Continue on failed FEA
Range: [0, 10]
Defines the number of attempts to continue with optimization cycles on failed FEA. Namely, due to void regions and various other reasons it may happen that the FEA process fails. ProTOp can continue with optimization cycles even in such cases since successful FEA can often be restored after a few cycles (when the topology of the model changes enough).
Recording cycles interval
Range: [1, ~]
Defines the cycles interval at which design data is optionally recorded.

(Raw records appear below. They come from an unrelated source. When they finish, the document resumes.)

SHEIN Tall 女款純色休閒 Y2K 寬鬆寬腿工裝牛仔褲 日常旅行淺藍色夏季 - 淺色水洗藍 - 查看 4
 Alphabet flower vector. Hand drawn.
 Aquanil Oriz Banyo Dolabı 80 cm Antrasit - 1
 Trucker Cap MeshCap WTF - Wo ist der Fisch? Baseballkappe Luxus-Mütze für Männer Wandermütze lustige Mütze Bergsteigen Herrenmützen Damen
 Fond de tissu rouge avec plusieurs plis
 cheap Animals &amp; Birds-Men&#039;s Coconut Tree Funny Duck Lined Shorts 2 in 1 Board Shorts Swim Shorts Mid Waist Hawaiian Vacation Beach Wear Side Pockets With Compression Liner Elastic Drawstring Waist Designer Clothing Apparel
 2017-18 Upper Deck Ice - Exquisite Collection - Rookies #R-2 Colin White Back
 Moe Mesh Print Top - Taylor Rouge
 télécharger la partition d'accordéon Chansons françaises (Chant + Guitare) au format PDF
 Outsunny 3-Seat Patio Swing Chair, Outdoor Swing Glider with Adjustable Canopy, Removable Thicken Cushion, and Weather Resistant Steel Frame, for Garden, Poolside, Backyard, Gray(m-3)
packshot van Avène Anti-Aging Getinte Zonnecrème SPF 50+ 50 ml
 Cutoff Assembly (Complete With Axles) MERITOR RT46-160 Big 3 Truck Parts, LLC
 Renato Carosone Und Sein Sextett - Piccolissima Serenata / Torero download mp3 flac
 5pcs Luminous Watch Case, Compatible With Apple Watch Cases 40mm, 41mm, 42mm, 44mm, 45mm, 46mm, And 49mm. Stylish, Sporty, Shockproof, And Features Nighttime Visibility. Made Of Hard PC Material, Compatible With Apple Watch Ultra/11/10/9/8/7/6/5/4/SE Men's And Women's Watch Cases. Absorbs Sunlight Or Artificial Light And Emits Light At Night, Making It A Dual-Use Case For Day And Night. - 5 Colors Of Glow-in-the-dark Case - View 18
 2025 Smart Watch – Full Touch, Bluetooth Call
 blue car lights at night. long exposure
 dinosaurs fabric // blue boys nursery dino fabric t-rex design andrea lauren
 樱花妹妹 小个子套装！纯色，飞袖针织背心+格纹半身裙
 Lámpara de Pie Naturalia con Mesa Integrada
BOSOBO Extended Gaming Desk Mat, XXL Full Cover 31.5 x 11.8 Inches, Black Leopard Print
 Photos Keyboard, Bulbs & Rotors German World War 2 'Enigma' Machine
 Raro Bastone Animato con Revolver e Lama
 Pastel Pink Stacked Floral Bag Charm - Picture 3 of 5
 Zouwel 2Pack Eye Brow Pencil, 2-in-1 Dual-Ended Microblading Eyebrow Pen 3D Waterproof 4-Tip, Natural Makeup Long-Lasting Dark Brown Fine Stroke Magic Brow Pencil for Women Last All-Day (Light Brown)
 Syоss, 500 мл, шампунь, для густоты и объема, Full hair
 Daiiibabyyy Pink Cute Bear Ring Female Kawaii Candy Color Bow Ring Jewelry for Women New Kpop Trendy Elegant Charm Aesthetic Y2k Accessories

These parameters affect the linear solver engaged in solving the structural system of linear equations in all FEA processes.
Computation mode
Range: [0 | 1 | 2]
Defines the computation mode: 0 = automatic (either the iterative or the direct solver are selected automatically); 1 = iterative solver; 2 = direct solver. The iterative solver is a low-memory solver that may run either slower or faster than the direct solver. Under special circumstances (for example, a model with semi-contact material and many load cases), the iterative solver might prove to be much better. The direct solver performs a decomposition of the system (stiffness) matrix and therefore requires a lot of memory (RAM). It can be quite fast, but only if enough memory is available.
Residual tolerance index
Range: [0, 10]
This parameter adjusts the convergence tolerance used by the system FEA solver: 0 = automatic; 1 = wide tolerance; ... ; 10 = narrow tolerance. The automatic option sets the convergence tolerance in the range defined by the indices between 2 and 4. For certain reasons this automatic setup can be changed by setting a fixed index value in the range between 1 and 10. A value of 1 sets a very wide tolerance and may be usable in speeding up the optimization process in case of statically loaded parts with very well-conditioned stiffness matrices (low matrix condition number). On the other hand, index values of 5 or greater tighten the tolerance gradually, which may be needed in situations where the stiffness matrix is not well conditioned (high matrix condition number). In general, one can say that a wide tolerance may speed up significantly the FEA done by the iterative solver, but may lead to unstable optimization process due to insufficient accuracy of the FEA response. On the other hand, a narrow tolerance ensures accurate FEA response but may slow down drastically the iterative solver. The computation speed of the direct solver is not significantly affected by the tolerance setting.
Matrix perturbation
Range: [0.0, 1.0e-6]
Defines a relative perturbation of the system matrix delivered to the system solver for the solution process: 0.0 = no perturbation; 1.0e-6 = maximal perturbation. Larger perturbation factors make the matrix decomposition more stable and may prevent matrix decomposition failure but may slow down the solution computation. This parameter is used only if the direct (matrix decomposition) solver is employed.
Max solver instances
Range: [0, ~]
Defines the maximal number of system solver instances (iterative solver only) running simultaneously. The default value of zero means there is no limitation imposed. Typically, this parameter can be left at default zero value. In this case, the system will automatically determine an optimal number of instances.
Solver priority
Range: [-1 | 0]
Defines the priority of processes run by ProTOp: -1 = below normal; 0 = normal. Specifying the below-normal priority allows the user to run normally, for example, text editing applications while ProTOp is running optimization. Otherwise ProTOp will use practically all CPU resources and the performance of other applications will suffer.